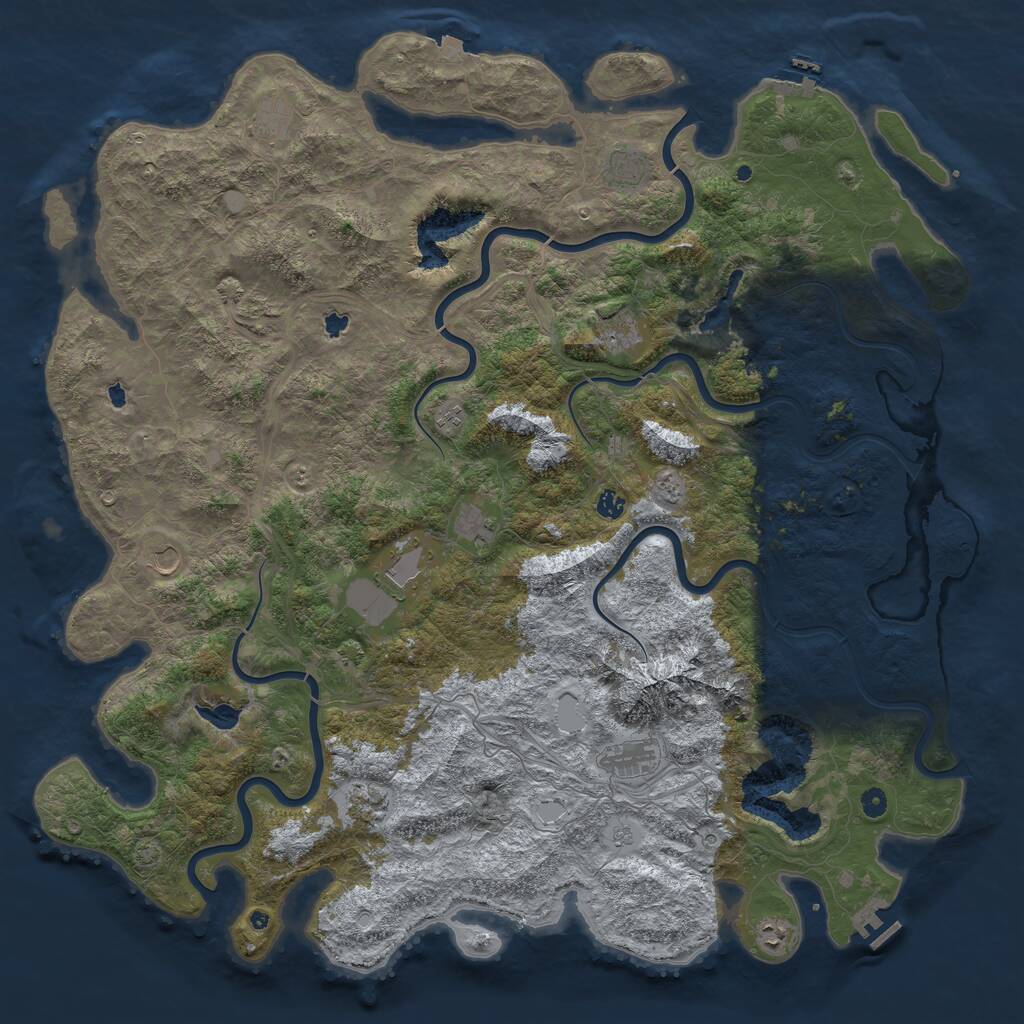 Rust Map: Procedural Map, Size: 5500, Seed: 13443, 17 Monuments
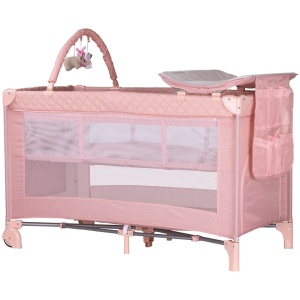 Patut pliabil cu saltea de infasat Chipolino Luna pink marshmallow - Img 1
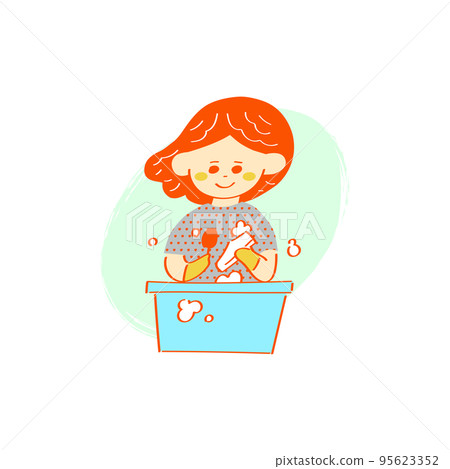 Illustration of a woman washing shoes with a scrubbing brush Illustration of a woman washing shoes with a scrubbing brush 95623352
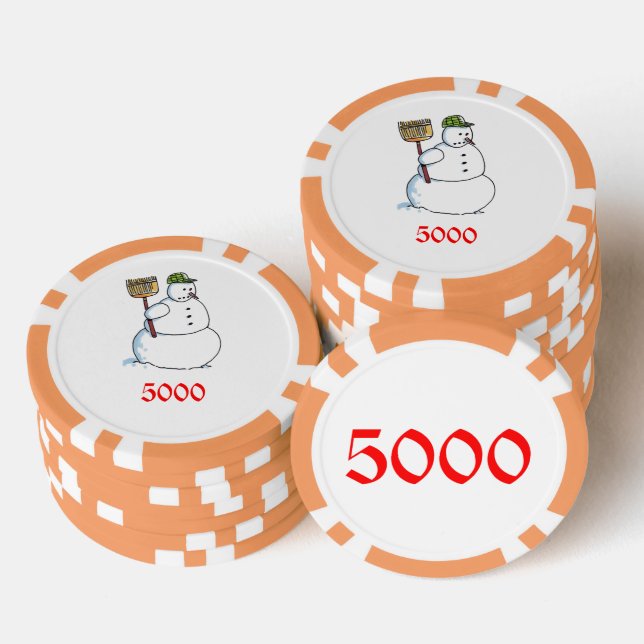 Broom Snowman Orange 5000 gestreifter Poker Chip (Stapel)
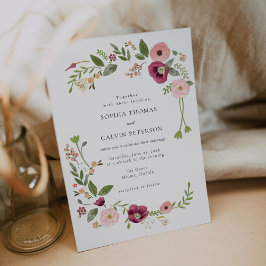 Convites Vintage Boho Floral Wedding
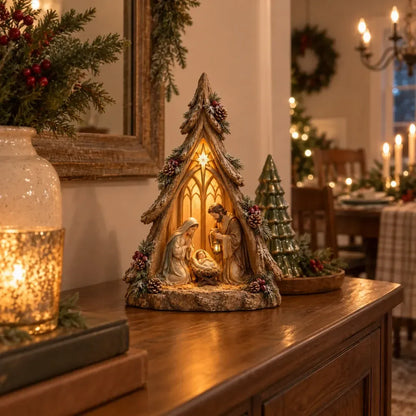 ⏰ LAST DAY 50% OFF - Old-World Lighted Nativity Trees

══════════

Your task: Set the lines down exactly as they stand, from the one containing "scrubbing brush 95623352" through the end of the listing, omitting every picture.

Task answer:
 Illustration of a woman washing shoes with a scrubbing brush Illustration of a woman washing shoes with a scrubbing brush 95623352
 Broom Snowman Orange 5000 gestreifter Poker Chip (Stapel)
 Convites Vintage Boho Floral Wedding
 ⏰ LAST DAY 50% OFF - Old-World Lighted Nativity Trees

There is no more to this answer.